Do the new NCCN “Evidence Blocks” help patients?
The National Comprehensive Cancer Network (NCCN) recently released a treatment rating system they call “Evidence Blocks” for myeloma treatment. These grids add categories and definitions to the usual lists of recommended therapies provided by NCCN. The categories are efficacy, safety, quality of evidence, consistency of evidence and expense.
Already you can see that there is a lot of complexity—something that would need to be interpreted by a treating physician to come up with a conclusion. But my immediate question is: Does it help the treating physician to provide the best care or better care for the patient? My answer is no, and let me explain why.
First, does this tool address the problem of costs? NO. Costs are too high. The “Evidence Blocks” just acknowledge that. Second, patients avoid recommended treatments because of co-pay or other costs. Do these “Evidence Blocks” help the patient navigate this problem? No. Sometimes patients do need to pay the costs directly. Other times, because of the coverage—health plan or treatment pathway or some other nuance—the costs are not a direct issue for the patient. But this is an individual thing. The MD has to navigate these issues with the patient and come up with what is, frequently, the best compromise: Skip that test. Do another one. Use this treatment, for now, try another when you “qualify.”
Bring all parties to the table
Doctors know about costs. Patients, for sure, know about costs. Lowering drug and other treatment costs, such as for diagnostics and supportive care elements—which are equally (if not more) important—is a separate problem. Bringing all parties to the table to reduce costs is drastically needed. This includes doctors and, importantly, patients, as well as insurers, health care administrators, health economists and the like, in addition to the pharmaceutical companies. It is not going to be easy, but somehow or another the insupportable costs have to come down.
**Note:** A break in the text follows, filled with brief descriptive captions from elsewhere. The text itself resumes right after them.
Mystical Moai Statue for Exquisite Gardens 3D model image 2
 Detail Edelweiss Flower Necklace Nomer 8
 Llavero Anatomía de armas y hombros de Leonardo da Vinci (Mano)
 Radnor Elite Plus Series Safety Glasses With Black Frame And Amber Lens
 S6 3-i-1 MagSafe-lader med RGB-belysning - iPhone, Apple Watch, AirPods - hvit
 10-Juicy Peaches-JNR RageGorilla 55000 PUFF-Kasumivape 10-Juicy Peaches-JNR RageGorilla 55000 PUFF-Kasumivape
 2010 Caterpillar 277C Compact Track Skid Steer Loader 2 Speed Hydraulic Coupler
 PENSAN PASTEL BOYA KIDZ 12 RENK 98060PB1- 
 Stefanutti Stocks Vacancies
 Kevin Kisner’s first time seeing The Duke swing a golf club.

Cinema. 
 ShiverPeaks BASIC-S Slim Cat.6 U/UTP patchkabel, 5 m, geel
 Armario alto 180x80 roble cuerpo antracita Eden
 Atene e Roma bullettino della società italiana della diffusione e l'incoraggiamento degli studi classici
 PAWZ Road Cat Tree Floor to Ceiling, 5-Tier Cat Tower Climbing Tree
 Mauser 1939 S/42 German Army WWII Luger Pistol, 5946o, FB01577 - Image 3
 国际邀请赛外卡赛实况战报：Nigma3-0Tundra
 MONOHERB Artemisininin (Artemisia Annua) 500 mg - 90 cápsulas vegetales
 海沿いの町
But this is a separate issue from the day-to-day management. Assuming high costs persist, how do we help our patients? The “Lists, Categories & Definitions” provided by NCCN really do not help. By systematizing the cost and other types of evidence, they actually make it easier for health care providers to limit access (to the “cheapest” available) and facilitate the development of strict “treatment pathways,” which can severely limit choices and even harm patients.
A snapshot in time
My additional concern is that NCCN has presented a snapshot in time. How will the myeloma treatment landscape change after the 2015 Annual Meeting of the American Society of Hematology (ASH) in December, for example, when we will hear about frontline combinations with or without transplant and comparisons of two-drug combinations versus three-drug combinations? Will there be a rapidly issued update with changes in categories?
What about different opinions? The NCCN team includes many experts. But maybe some other experts have different opinions. Will those opinions be addressed? And if so, when and how?
The problem with the NCCN lists is that they have many options but do not provide any focus on the concerns which doctors and patients deal with day-to-day in decision-making. For example, the NCCN lists include many options but do not fully distinguish among Category 1 options, which makes it difficult to know which to use. The Evidence Block-approach focuses on tangential issues, including cost, rather than on key patient concerns, such as age, family and work factors, risk (FISH test results ), co-morbidities (diabetes, clotting problems, heart disease, need for many other medications, etc.) and practical monthly costs faced by an individual patient. For some patients, if drug costs are covered, diagnostic testing, being able to work or not and supportive care issues may be much more influential in decision-making.
In other words, the financial feasibility of a specific course of treatment is an individual patient issue, which has to be discussed as part of the selection process—not as part of a preformed grid.
Don’t remove choices based on costs
This is where several current efforts to integrate costs into the treatment paradigm fail (including the “Value Framework” issued by the American Society of Clinical Oncology in June this year). Costs are a separate issue. Forcing sick patients to be advocates to receive needed treatment is not fair. Many will choose to become advocates, perhaps. But for now, most will manage the best they can. I believe we should not remove choices based on costs.
Coverage for agents with more limited efficacy is an important challenge which deserves separate discussions. But for treatments which produce excellent outcomes access should be available. I favor addressing cost issues in the appropriate meetings and settings as an urgent matter, but not in a complex fashion which can negatively impact patients.